Hopes are biofuels can provide a quarter of transportation fuels by 2050. But there's a ways to go. In 2008, biofuels provided only 1.8 percent of the world's transport fuel.

Americans are not entirely oblivious to the situation, but a recent Gallup poll indicated we prefer energy development to green concerns by a 50 percent to 41 percent margin. At the same time, they say the government should encourage production from alternative sources by reducing monetary support and incentives for the oil and gas industries -- cost pass-throughs that likely will show up at the pump.

Both Obama and Vice President Joe Biden have been pushing public-private partnerships to advance alternative energy development.

"Now, more than ever, America's future competitiveness depends on our ability to innovate and our capacity to live up to our rich history of technological advancement," Biden said during a visit to the National Renewable Energy Laboratory in Golden, Colo., earlier this month.

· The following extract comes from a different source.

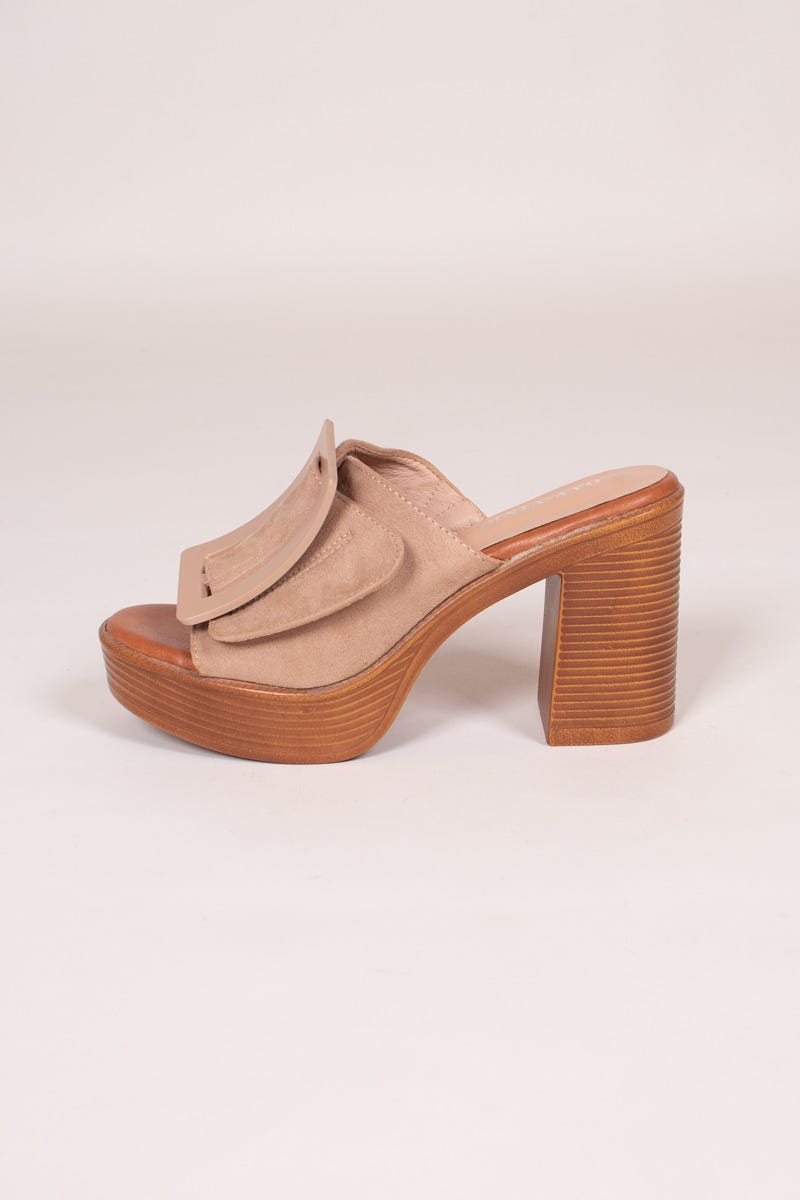 Högklackad platå sandal, Taupe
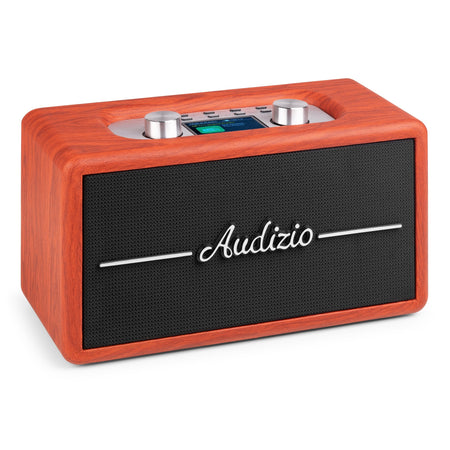 Audizio Tune60 - Radio portátil DAB+ y FM de estilo retro en madera de cereza con Bluetooth 5.0 y 40W - Tempo Shop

Obama has emphasized his support for production of alternative car batteries by visiting the Allison Transmission plant in Indianapolis.

"Allison Transmissions is also part of the ultimate solution to high gas prices. We know there are no quick fixes to this problem," Obama said in a subsequent Saturday morning address. "In the short term, we're doing everything we can to boost safe and responsible oil production here at home -- in fact, last year, American oil production reached its highest level since 2003.

"But over the long term, the only way we can avoid being held hostage to the ups and downs of oil prices is if we reduce our dependence on oil. That means investing in clean, alternative sources of energy, like advanced biofuels and natural gas. And that means making cars and trucks and buses that use less oil."